The proof is by induction on $a$.

Basis [case with $a=0$]. We want to prove that :

if $0+b=0+c$, then $b=c$.

But we have that : $0+b=b$, by definition of addition.

And also : $0+c=c$.

Thus, by transitivity of equality : $b=c$.

Induction step.

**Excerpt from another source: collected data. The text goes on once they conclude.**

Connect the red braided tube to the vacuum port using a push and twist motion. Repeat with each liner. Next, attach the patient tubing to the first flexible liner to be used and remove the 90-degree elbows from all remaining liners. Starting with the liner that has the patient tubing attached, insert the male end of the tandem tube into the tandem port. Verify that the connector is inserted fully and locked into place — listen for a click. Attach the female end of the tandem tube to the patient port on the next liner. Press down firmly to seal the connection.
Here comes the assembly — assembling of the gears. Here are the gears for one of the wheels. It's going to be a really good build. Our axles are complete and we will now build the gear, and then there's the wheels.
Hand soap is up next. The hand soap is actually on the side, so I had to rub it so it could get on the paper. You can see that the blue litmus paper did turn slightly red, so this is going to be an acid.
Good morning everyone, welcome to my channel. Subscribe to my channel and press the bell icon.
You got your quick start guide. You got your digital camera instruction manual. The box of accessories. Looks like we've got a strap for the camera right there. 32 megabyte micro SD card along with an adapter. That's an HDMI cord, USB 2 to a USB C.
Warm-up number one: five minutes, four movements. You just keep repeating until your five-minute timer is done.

Assume that the property holds for $a$ and prove it for $a'$ [I prefer to use $a'$ instead of $a++$ for the successor of $a$].

This means :

assume that "if $a+b=a+c$, then $b=c$" holds, and prove that "if $a'+b=a'+c$, then $b=c$" holds.

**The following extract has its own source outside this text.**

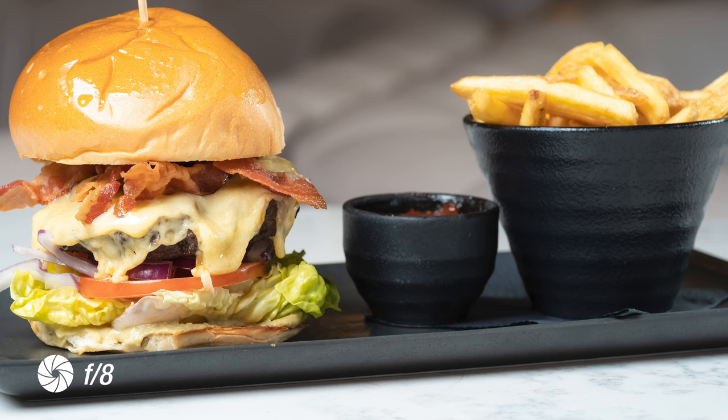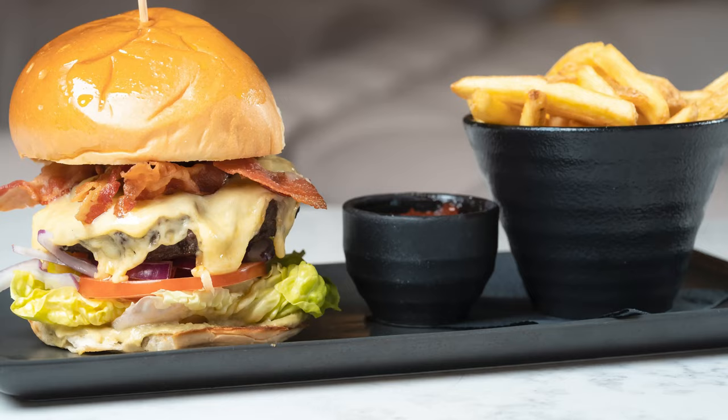I did a food shoot for a hotel and I was shooting at f8 — nowhere near f2.8 — because it was a burger and chips. You want that texture, that detail, that depth. You don't want to just focus on the narrow edges of a lettuce leaf, because then the meat won't be in focus, or vice versa. So you need that depth of field.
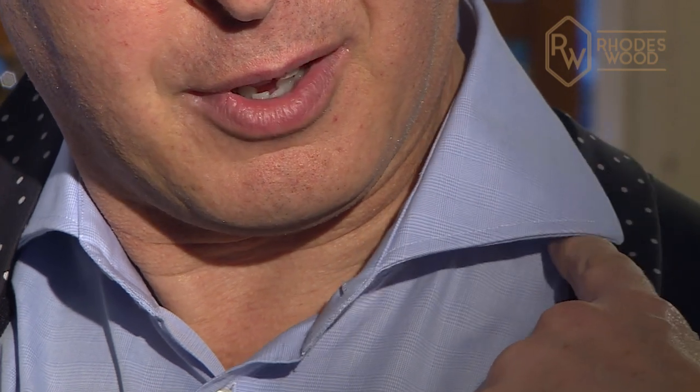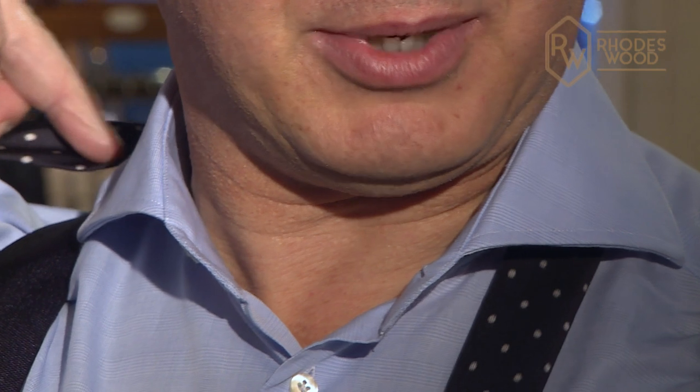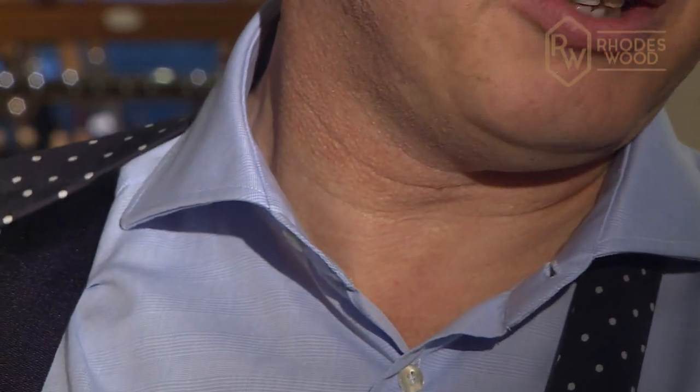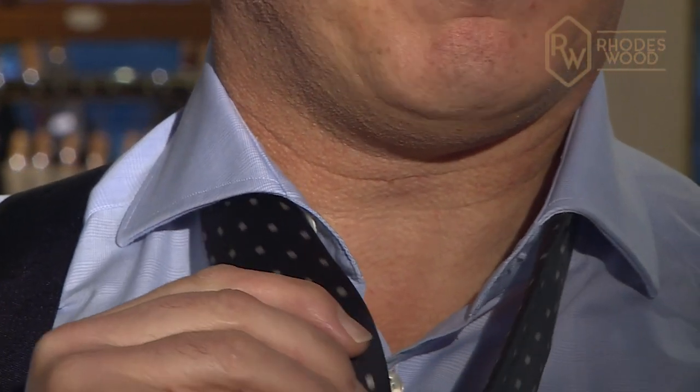You've had your collar nicely pressed — you just slip the edge of the tie underneath the left-hand side. In my case, because I'm right-handed, slowly just pull it round underneath to the side.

We have $a'+b=(a+b)'$ by definition of addition.

And $a'+c=(a+c)’$, by definition of addition.

We assume that : $a'+b=a'+c$, and thus, again by transitivity of equality, we have that : $(a+b)'=(a+c)'$.

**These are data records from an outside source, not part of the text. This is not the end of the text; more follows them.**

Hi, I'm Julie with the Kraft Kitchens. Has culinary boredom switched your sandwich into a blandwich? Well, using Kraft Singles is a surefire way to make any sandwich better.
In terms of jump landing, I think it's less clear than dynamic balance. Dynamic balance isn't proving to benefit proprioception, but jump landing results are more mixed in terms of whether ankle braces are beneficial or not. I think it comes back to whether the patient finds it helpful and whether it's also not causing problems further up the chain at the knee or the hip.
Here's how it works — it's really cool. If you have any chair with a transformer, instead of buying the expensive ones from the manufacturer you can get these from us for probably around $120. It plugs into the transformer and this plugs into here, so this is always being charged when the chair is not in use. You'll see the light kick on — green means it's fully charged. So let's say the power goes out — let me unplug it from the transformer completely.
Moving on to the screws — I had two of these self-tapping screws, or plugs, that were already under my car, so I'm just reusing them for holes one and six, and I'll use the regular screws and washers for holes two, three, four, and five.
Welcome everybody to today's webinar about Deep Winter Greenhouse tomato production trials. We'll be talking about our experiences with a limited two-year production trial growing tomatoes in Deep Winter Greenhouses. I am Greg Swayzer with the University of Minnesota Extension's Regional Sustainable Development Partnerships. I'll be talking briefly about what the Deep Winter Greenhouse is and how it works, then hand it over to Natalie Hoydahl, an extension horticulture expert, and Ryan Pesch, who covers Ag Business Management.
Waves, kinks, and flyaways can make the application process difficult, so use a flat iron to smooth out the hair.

By axiom 2.4 (different numbers have different successors), by contraposition, we conclude that $(a+b)=(a+c)$.

Thus, applying induction hypothesis, we have that :


The general strategy used above in order to prove "if $P$, then $Q$", is to assume $P$ and derive $Q$.

This type of proof is called Conditional Proof; we can see it above :

1) if $a+b=a+c$, then $b=c$ --- induction hypothesis

2) $a'+b=a'+c$ --- assumption for CP

3) $(a+b)'=(a+c)'$ --- from 2) and definition of addition and tarnsitivity of equality

4) $a+b=a+c$ --- from 3) and axiom 2.4 by Contraposition [the axiom says : "if $(a+b \ne a+c)$, then $(a+b)' \ne (a+c)'$"; thus, contraposing it we get : "if $(a+b)' = (a+c)'$, then $(a+b) = (a+c)$"] and Modus ponens

5) $b=c$ --- from 4) and 1) by Modus ponens (also called : detachment)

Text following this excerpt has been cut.